§ **Work task**: Your answer must be an exact retyping of the line containing "10K White Gold" and every line after it through the end of the records below, with no pictures and nothing else.

§ **Given records**:
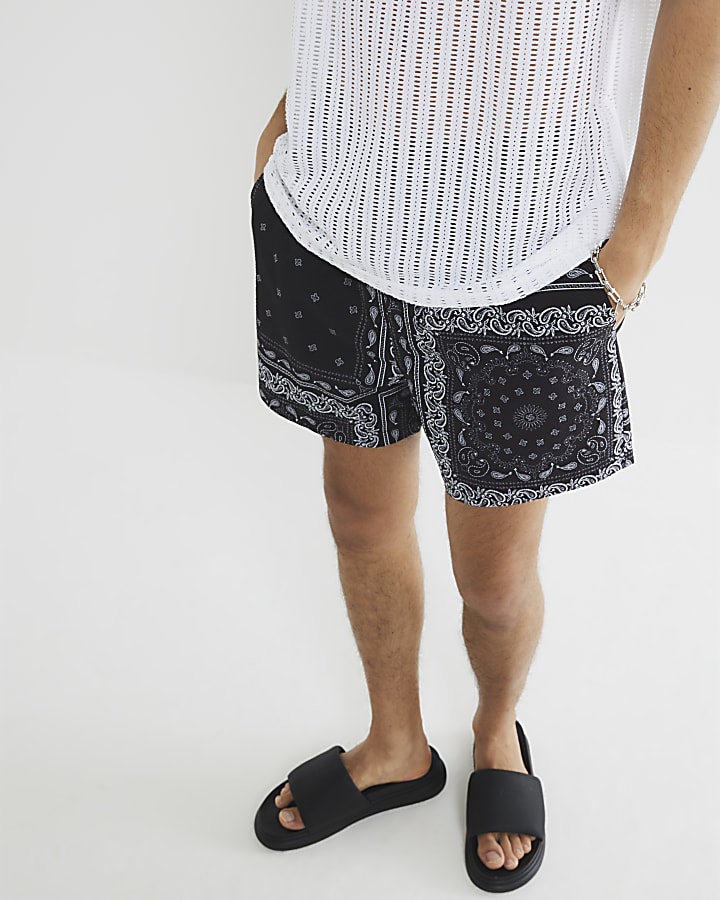 Black Bandana Swim Shorts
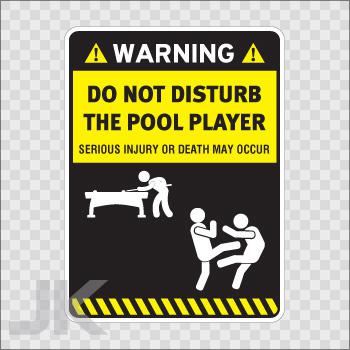 Decal stickers sign warning danger caution stay away pool player 0500 z4z7x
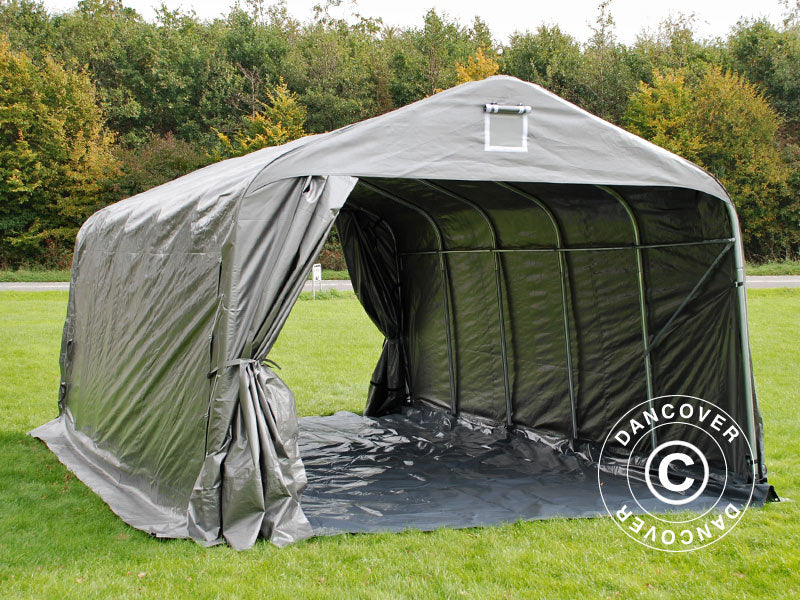 Zeltgarage PRO 3,6x6x2,7m PE mit Bodenplane, grau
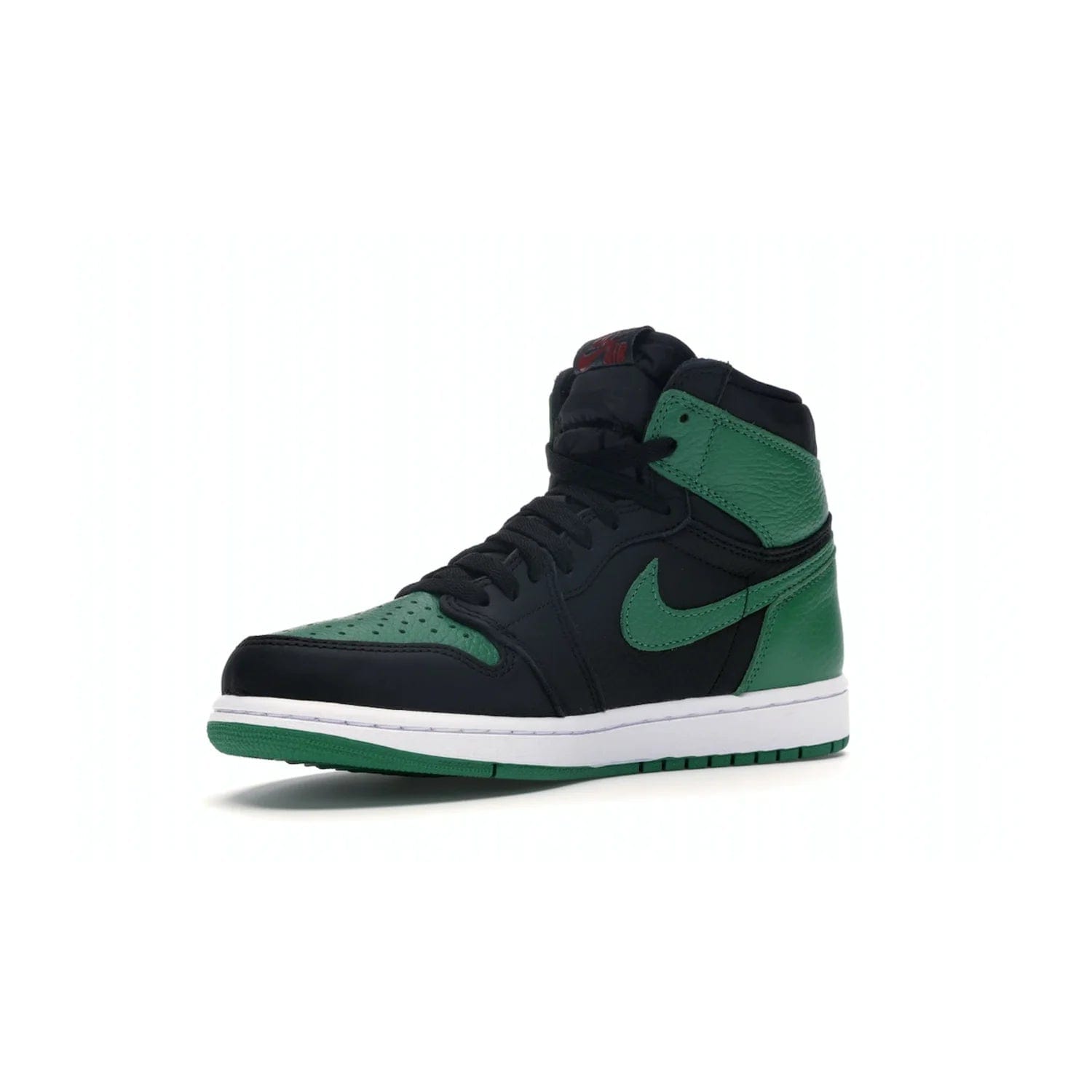 Jordan 1 Retro High Pine Green Black - Image 15 - Only at www.BallersClubKickz.com - Step into fresh style with the Jordan 1 Retro High Pine Green Black. Combining a black tumbled leather upper with green leather overlays, this sneaker features a Gym Red embroidered tongue tag, sail midsole, and pine green outsole for iconic style with a unique twist.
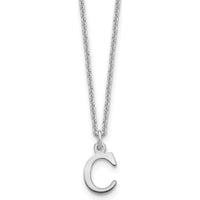 10K White Gold Cutout Letter C Pendant Necklace - Polished Finish, 18" Cable Chain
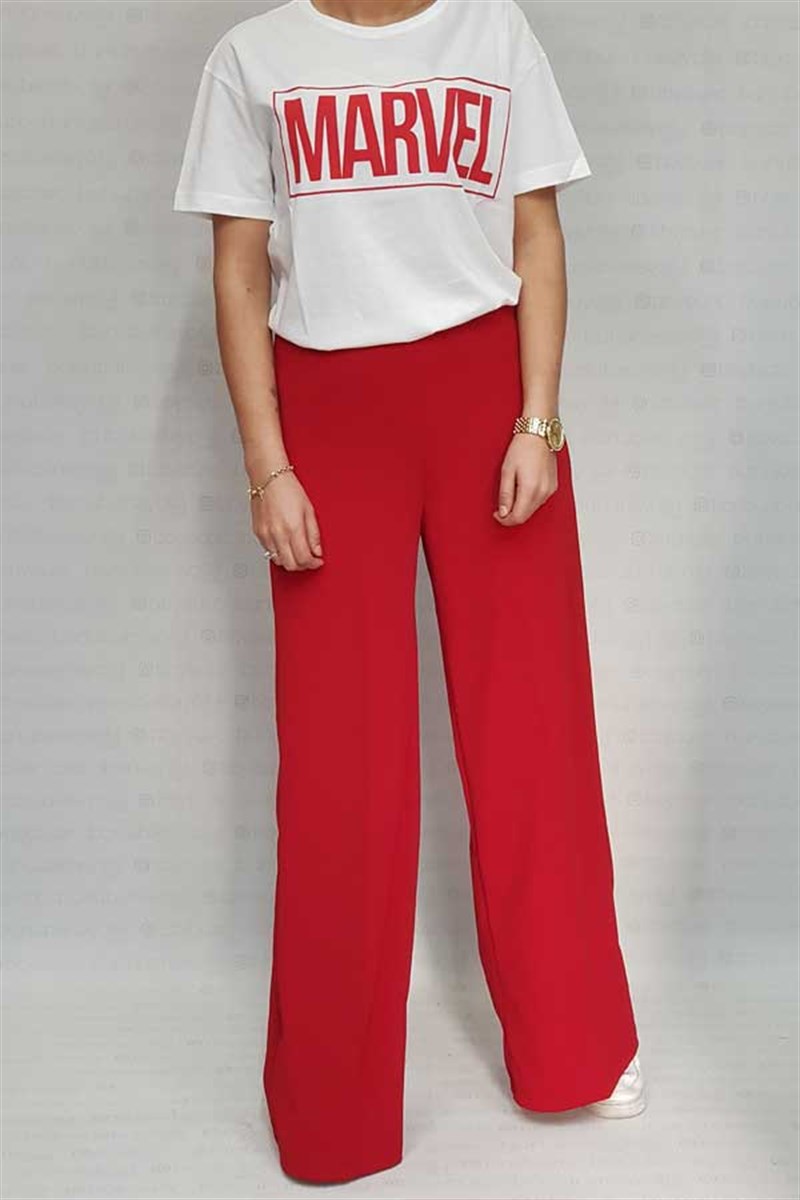 Yüksek Bel Crep Salaş Pantalon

§ **Solution below**:
 10K White Gold Cutout Letter C Pendant Necklace - Polished Finish, 18" Cable Chain
 Yüksek Bel Crep Salaş Pantalon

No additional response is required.